第76回カンヌ国際映画祭グランプリ、英国アカデミー賞非英語作品賞、ロサンゼルス映画評論家協会賞作品賞・監督賞・主演賞・音響賞、トロント映画批評家協会賞作品賞・監督賞、米アカデミー賞国際長編映画賞(元・外国語映画賞)・音響賞などを受賞している。
ドイツ占領下のポーランド領アウシュヴィッツにあった強制収容所の隣に住んでいたナチス親衛隊中尉一家、ヘス家の日常を描いた作品である。アウシュヴィッツ強制収容所の直接的な描写は一切ないが、遠くからなんとも言えない声や音がヘス家の中まで響いてきて、目に見えない惨劇を連想させる。音響のための映画とも言えるだろう。
アウシュヴィッツ強制収容所との対比を出すために、意図的に何気ない日常が中心に描かれており、隣で何が起こっているのかについては、登場人物の多くが関心を持たない。ドラマとしては面白いものとは言えないだろうが(実際、いびきが響いていた)、それが狙いであると思われる。実際にアウシュヴィッツで撮られた映像は理想郷をカメラに収めたかのように美しい。
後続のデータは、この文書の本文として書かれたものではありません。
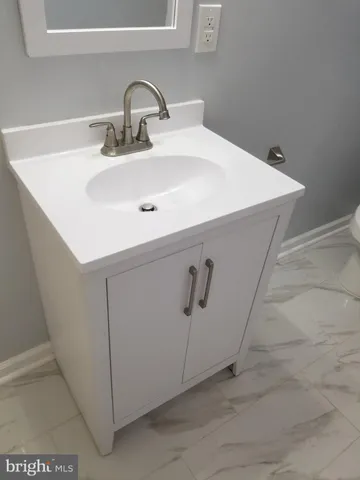 $699,000 | 4308 Bowling Brooke Court, Upper Marlboro, MD 20772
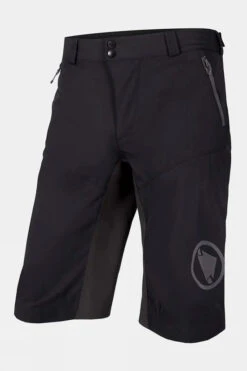 Endura Mens MT500 Spray Short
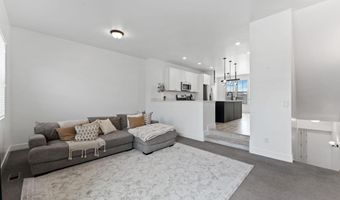 1051 W NARROWS S, Bluffdale, UT 84065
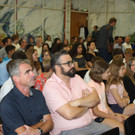 IMG_9721.JPG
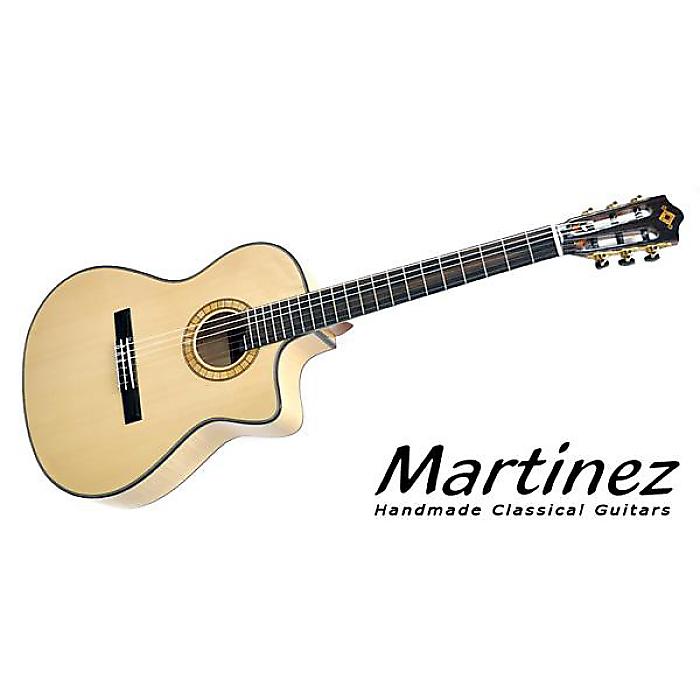 Martinez MP-14」の人気商品一覧 | 安い商品を通販サイトから探す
主人公のルドルフ・ヘス(クリスティアン・フリーデル)は、アウシュヴィッツ強制収容所の隣に住み、収容所の所長をしているが、近く異動になる予定である。出世であるが、単身赴任する必要があり、妻子がアウシュヴィッツの家で暮らすことが出来るよう取り計らってくれるように頼んでいる。ヒムラー、アイヒマン、ヒトラーなどのナチスを代表する人物達の名前が登場するが、彼らが画面に登場することはない。なお、ルドルフ・ヘスは実在の人物で、アウシュヴィッツ強制収容所の所長をしていた頃の告白遺録『アウシュヴィッツ収容所』を遺しており貴重な史料となっているようである。